医師が選んだ医事紛争事例 141  PDF

予見ができない転倒は不可抗力?

(70歳代前半男性)
〈事故の概要と経過〉
 患者は、5回目の脳腫瘍(髄膜腫)の手術目的で本件医療機関に入院。既往に失語症と認知症があったが、院内マニュアルにある転倒転落アセスメントスコアシートでは離床センサーを装着する必要はなかった。
 患者は、入院の翌々日に手術を受けた。術後は良好であったが、手術の約1カ月後に、患者がトイレで転倒しているのをスタッフが発見した。転倒から恐らく20分以内に発見されたとのこと。今回の転倒事故以前は、ナースコールに応じて必ずスタッフがトイレ移動の介助をしていた。転倒後、すぐに脳外科医師が対応して両股関節XPを撮影したが異常は認められなかった。
 ところが、翌日のXP追加で右大腿骨骨折が確認された。骨折確認時にADLの低下等の可能性が50%程度の確率であり得ると予測された。

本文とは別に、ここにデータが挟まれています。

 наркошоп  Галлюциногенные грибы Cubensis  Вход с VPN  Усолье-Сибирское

 患者側は、患者に対する安全配慮義務を怠ったとして、骨折の治療費や将来後遺障害が発症した際の治療費の免除について弁護士を介して要求してきた。また、右大腿骨骨折の診断が1日遅延したことについては、医療機関側からの確定診断が困難であった骨折との説明に納得しており、クレームはなかった。
 医療機関側としては、患者との長い付き合いもあることから見舞金として差額ベッド代を免除したが、転倒防止対策は十分に取っていたとして無責を主張した。
 紛争発生から解決まで約6年2カ月間要した。
〈問題点〉
 医療機関側の話を聞く限り、患者管理に関して過失を認める点は指摘できない。患者には、自立心があって、自分で起立し、歩行したいという気持ちがある。手術の後や片麻痺など中途障害が生じても、その回復期にまだでき難い動作を試験的に行おう(障害確かめ体験と命名されている)として、多く転倒が発生している。

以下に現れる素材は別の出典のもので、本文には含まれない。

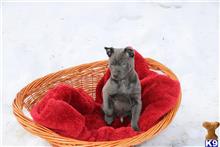 thai ridgeback dog puppy posted by Rocky1Sonny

 また、自分の心身の残存能力を「過大評価」することで、かえって転倒の危険因子となっているとも指摘されている。
 今回の転倒事故を予防できるとすれば、患者を拘束するか常時監視を付けるかしかなく、医療現場としては不可能な対応であり、不可抗力と言えよう。
 また仮に常時、立位保持に付き添い、移動歩行に同行していても、高齢者であったり、神経系疾患の罹患などで下肢の筋力低下や中枢神経系の平衡能力の低下などがすでに生じていると、転倒し始めたことに打ち勝って立位に戻そうと、付添い・同行者が支えても、転倒機転の進行を防止することは極めて困難である。したがって無責と判断された。

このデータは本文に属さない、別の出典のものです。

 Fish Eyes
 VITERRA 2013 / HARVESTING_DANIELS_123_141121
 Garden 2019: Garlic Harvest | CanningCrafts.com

 今回は医療機関の責任者が差額ベッド代を免除しているが、それが見舞金名目であっても、患者側からすれば医療過誤を認めたと誤解される可能性が高く、今回のように更なる要求を誘発させてしまうことになり得る。
〈結果〉
 差額ベッド代を請求しないことで、結果的には患者側のクレームがなくなり、立ち消え解決とみなされた。